Well, I couldn't resist not making one myself, so here it goes:

I have a little VB App that will ask for your username and password, and will give you an "access key" once you get the right info, this is pain-stakingly easy (heck, you don't even need to know the username and password - big hint. ), but, this is just to rev up your engines, as this is part 1 of my four part VB/PHP/MySQL/C++ Cracking Challenge.

Each challange will connect onto the next challenge, so the end product that you get from this one, will be highly important for the next challenge that you undertake.

you can find the program here.

http://xeek.trap17.com/lorem.exe

Have fun,

-whyme

small topic title name change hacking = cracking

This post has been edited by jipman: May 8 2005, 12:22 PM

Not fond of VB but still was able to do this challenge under Linux, which is just a bonus, since I hate needing to switch back to Windows.

Hopefully you'll bring more challenges similar to this but a bit harder, we could find all the information we needed just viewing this in a hex-editor, without needing that username and password but we could use them and still get a popup of what the key is.


Cheers,


MC

Hehe.. I did it in windows too and pm-ed you a snapshot. As MC pointed out - I never needed to figure out your password.
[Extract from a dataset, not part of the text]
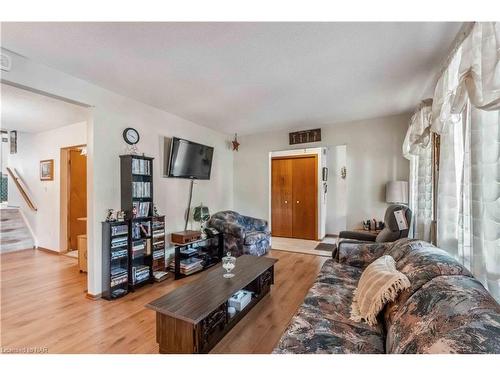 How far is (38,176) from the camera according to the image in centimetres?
459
I got to the popup of your keys straight out Check your pm for the resultant screenshot - it's on imageshack... and I'd have uploaded the cracked file but now it's in such a state that you can type any login/pass and get to your final popup screen I went one step up and removed all the your login/pass checking parts from the code and fixed the JUMP instructions to point straight to your popup box.. this way it completely bypasses your verification system.. no more pass needed.. the snapshot that you've received was logged in with "blah" & "blah" as username/pass

Comeup with somethign harder next time..

Regards,
m^e

WOW....
why are VB windows executables made up of 75% NULL.
that doesnt happen on the GNU c++ compiled ececuatbales.

anyways....
yeah, ive completed it too, but i used the *nix strings command instead of a hex-editor.

are we supposed to PM the answers, or post them ???

edit:
lol, ahh, found a second set of passwords and usernames after i relxed grep and discovered the typo.
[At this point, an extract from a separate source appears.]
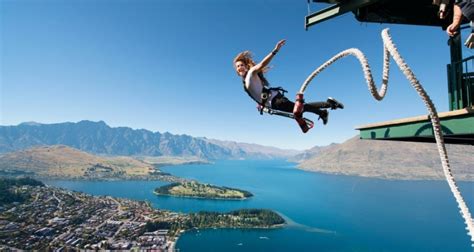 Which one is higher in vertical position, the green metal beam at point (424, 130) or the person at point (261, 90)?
the person at point (261, 90)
Haha, like what I said, this isn't meant to be hard or challenging, only to start up your engines for the next one.

I'm currently developing the next challenge in PHP , and that "end product" you get from this challenge will be important for the next one.
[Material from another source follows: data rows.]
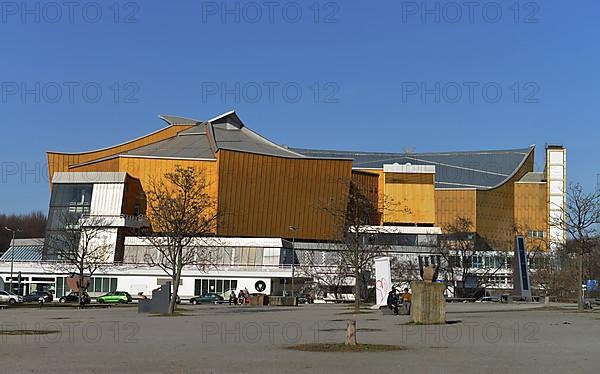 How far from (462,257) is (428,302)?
67.3m

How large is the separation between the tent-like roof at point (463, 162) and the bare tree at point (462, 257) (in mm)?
47368

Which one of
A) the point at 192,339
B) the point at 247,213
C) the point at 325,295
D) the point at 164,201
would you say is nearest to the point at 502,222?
the point at 247,213

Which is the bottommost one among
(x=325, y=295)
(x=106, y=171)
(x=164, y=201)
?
(x=325, y=295)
I expect to be done in 5 - 8 days.

cheers,

-whyme

lol.. okay, i thought that was a clue to start reverse engineering

m^e,

If I maybe so bold, I want to test your theory on the any state.

Depending on how your altered the jump, how about inputting the correct username and password into it and seeing whether this is the case?


MC

Hehe okk.. once this challenge is over - I'll upload the cracked file here Even the correct username pass will work..

altering jump instructions with hex-editors used to be what all the 7337 h@)(0r$ were doing back in the Amiga days.

anyone have an amiga ?

i remember when you booted a game (cos thats what you did, games didnt run inside OS's)
a crached game would show up a page bragging about who pirated and crached is..

"Crystal Cracked" were quite famous.

this bragging page would often have very amasing graphics, cool music.
eventually, the bragging page became more important that the cracking.

and this is how demo's came to be (or thats how the legeng goes)

they also used to post the hpone numbers of the BBS servers that these hackers used to run.

damnit.. i really was born 10 years too late.

in the amiga days, we didnt have any of this Geforce FX 6800 SLI PCI-E crap !

We had the "Angus" Chip, and if you were rich, you upgraded to "Fat Angus"
and if you were really rich, you could go crazy, an buy a super charged "Fatter Angus" chip.

and if you were a billionaire, you could rpobably afford 2mb or ram for $300.

ahh the good old days.

Don't work for me, it said I am missing a dll or something.